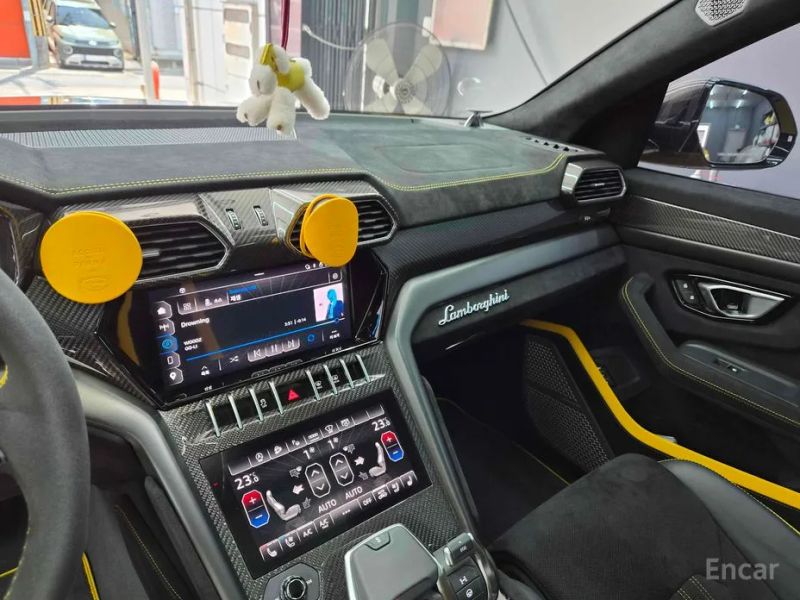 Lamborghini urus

---

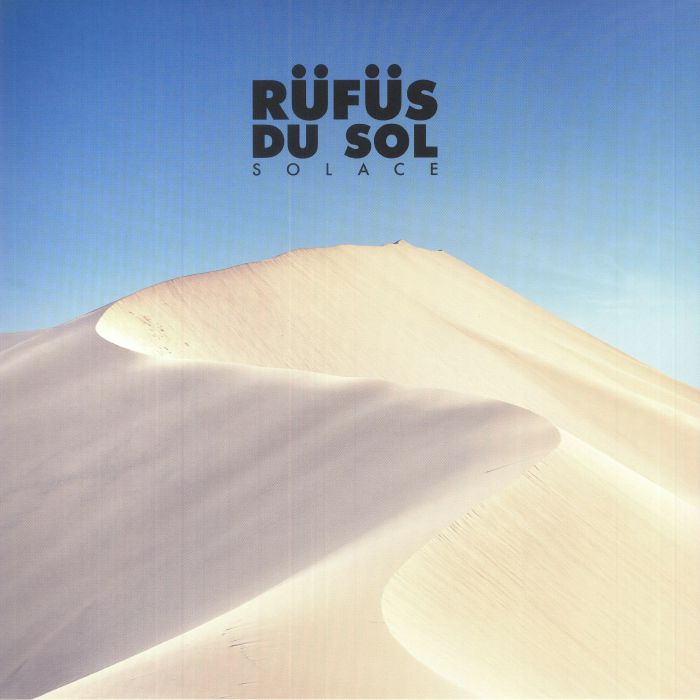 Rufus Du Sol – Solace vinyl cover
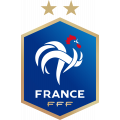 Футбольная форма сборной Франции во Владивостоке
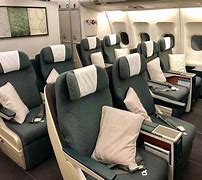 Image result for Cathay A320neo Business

---

Using the data above, which lines fall from the one with "Rufus Du Sol – Solace vinyl cover" through the one with "Image result for Cathay A320neo Business"? Repeat them exactly, ends included, minus any pictures.

 Rufus Du Sol – Solace vinyl cover
 Футбольная форма сборной Франции во Владивостоке
 Image result for Cathay A320neo Business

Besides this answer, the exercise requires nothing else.